**Directions:** Copy the lines below exactly. No picture goes into the copy.

**Data block:**
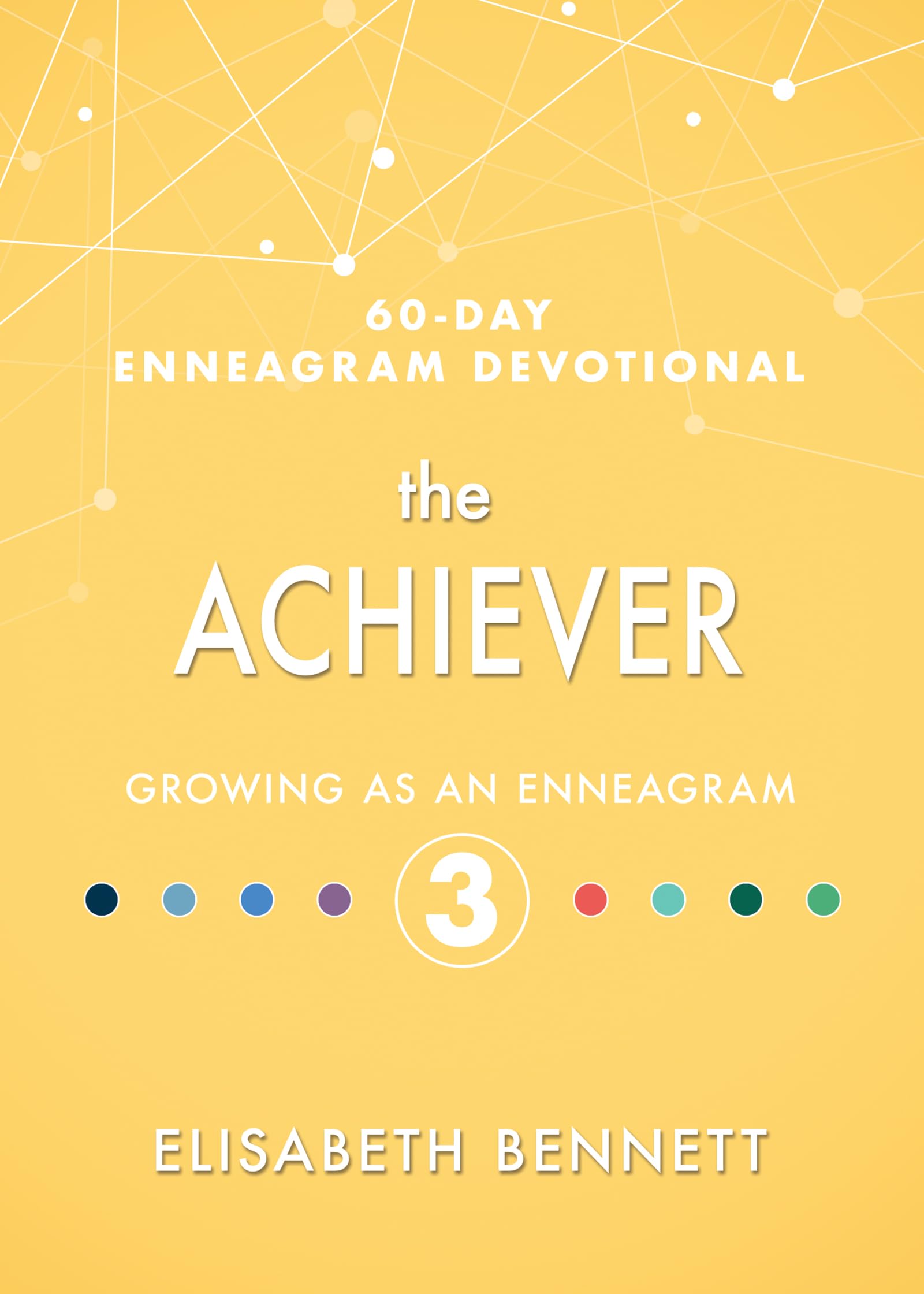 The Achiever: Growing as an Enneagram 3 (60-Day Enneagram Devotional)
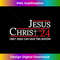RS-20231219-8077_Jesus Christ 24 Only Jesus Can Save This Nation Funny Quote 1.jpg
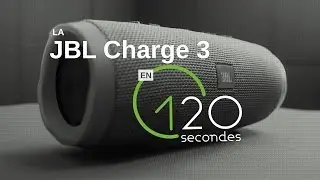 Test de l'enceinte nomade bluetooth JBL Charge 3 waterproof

**Written solution:**
 The Achiever: Growing as an Enneagram 3 (60-Day Enneagram Devotional)
RS-20231219-8077_Jesus Christ 24 Only Jesus Can Save This Nation Funny Quote 1.jpg
 Test de l'enceinte nomade bluetooth JBL Charge 3 waterproof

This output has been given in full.